For every line that contains the string "Valfret", pull that line out of the material below.

**Dataset records**
· · ·

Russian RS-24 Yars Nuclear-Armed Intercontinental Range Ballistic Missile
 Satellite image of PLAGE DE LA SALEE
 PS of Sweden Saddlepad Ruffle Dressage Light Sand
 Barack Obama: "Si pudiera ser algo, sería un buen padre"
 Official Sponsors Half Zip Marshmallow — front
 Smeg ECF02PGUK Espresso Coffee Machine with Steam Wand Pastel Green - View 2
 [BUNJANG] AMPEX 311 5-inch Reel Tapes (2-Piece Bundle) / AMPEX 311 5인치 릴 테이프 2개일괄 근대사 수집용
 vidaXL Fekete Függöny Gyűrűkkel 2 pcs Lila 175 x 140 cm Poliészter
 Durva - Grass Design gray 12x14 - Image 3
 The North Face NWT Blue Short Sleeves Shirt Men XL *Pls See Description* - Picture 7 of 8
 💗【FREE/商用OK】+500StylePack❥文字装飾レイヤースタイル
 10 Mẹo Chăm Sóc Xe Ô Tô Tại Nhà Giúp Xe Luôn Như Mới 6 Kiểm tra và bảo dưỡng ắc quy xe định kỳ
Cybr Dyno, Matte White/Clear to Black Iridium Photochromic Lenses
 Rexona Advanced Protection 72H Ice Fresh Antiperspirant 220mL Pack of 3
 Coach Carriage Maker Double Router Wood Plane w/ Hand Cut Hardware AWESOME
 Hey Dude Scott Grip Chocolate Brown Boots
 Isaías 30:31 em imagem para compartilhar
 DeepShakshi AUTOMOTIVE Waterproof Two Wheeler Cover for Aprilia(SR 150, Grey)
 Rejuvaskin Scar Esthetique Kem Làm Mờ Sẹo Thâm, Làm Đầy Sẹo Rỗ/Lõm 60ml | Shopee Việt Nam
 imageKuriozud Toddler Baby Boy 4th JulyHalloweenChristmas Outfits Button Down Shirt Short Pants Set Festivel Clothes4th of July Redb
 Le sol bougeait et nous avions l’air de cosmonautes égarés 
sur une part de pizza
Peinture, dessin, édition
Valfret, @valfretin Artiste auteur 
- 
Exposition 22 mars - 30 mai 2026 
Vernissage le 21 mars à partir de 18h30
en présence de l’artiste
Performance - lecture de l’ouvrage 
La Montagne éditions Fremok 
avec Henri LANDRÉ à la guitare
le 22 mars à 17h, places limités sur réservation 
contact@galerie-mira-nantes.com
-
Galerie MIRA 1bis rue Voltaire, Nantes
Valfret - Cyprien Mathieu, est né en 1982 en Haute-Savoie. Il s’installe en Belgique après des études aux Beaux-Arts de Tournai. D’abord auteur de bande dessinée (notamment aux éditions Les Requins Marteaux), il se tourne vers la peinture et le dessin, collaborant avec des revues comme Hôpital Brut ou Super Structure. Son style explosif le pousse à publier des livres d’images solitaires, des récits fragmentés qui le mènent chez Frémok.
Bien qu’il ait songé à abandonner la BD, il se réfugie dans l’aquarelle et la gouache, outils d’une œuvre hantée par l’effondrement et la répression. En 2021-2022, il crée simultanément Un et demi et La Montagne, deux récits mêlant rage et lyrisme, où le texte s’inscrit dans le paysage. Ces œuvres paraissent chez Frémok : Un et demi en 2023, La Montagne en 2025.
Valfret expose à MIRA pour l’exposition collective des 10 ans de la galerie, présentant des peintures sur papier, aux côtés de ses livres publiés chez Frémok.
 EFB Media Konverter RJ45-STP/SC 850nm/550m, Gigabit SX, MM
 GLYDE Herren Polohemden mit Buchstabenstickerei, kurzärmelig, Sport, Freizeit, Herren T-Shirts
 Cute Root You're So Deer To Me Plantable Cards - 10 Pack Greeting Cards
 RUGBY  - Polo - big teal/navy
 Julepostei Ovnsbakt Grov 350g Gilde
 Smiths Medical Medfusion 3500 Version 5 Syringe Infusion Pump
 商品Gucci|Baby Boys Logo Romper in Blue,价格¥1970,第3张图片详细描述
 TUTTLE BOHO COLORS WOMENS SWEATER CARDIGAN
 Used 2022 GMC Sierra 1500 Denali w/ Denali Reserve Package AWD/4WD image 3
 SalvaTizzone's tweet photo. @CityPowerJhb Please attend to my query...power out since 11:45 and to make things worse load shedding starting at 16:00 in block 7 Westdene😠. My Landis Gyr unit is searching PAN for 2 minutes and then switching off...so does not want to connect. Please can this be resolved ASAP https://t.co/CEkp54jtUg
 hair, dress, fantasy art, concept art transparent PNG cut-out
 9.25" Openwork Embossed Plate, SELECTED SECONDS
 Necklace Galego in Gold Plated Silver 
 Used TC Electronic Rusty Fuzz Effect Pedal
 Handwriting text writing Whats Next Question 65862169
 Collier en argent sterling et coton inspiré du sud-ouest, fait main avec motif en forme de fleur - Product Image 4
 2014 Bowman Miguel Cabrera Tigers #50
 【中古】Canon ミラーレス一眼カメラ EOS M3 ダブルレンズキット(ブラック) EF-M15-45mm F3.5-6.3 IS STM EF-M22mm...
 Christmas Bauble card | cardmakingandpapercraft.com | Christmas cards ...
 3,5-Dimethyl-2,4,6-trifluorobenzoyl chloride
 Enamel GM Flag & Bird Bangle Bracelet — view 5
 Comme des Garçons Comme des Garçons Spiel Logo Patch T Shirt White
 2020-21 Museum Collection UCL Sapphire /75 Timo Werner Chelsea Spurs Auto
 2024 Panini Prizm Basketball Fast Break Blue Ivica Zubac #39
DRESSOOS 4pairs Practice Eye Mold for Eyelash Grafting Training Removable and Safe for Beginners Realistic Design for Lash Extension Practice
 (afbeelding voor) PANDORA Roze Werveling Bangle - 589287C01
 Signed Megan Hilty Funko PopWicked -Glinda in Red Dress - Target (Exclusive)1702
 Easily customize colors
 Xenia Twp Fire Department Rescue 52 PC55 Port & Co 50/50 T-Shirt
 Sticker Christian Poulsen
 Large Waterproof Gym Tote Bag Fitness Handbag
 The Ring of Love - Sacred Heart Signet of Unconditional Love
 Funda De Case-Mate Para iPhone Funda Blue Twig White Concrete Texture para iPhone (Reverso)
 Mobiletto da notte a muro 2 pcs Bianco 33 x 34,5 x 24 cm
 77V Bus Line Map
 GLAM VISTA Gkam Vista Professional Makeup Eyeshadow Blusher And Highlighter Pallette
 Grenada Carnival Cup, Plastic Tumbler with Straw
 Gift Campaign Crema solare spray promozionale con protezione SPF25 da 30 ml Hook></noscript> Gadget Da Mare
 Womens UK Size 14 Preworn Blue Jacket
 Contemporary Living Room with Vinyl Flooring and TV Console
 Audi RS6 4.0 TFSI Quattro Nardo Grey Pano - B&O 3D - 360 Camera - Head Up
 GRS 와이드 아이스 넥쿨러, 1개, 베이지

· · ·

**Solution for this exercise**
Valfret, @valfretin Artiste auteur 
Valfret - Cyprien Mathieu, est né en 1982 en Haute-Savoie. Il s’installe en Belgique après des études aux Beaux-Arts de Tournai. D’abord auteur de bande dessinée (notamment aux éditions Les Requins Marteaux), il se tourne vers la peinture et le dessin, collaborant avec des revues comme Hôpital Brut ou Super Structure. Son style explosif le pousse à publier des livres d’images solitaires, des récits fragmentés qui le mènent chez Frémok.
Valfret expose à MIRA pour l’exposition collective des 10 ans de la galerie, présentant des peintures sur papier, aux côtés de ses livres publiés chez Frémok.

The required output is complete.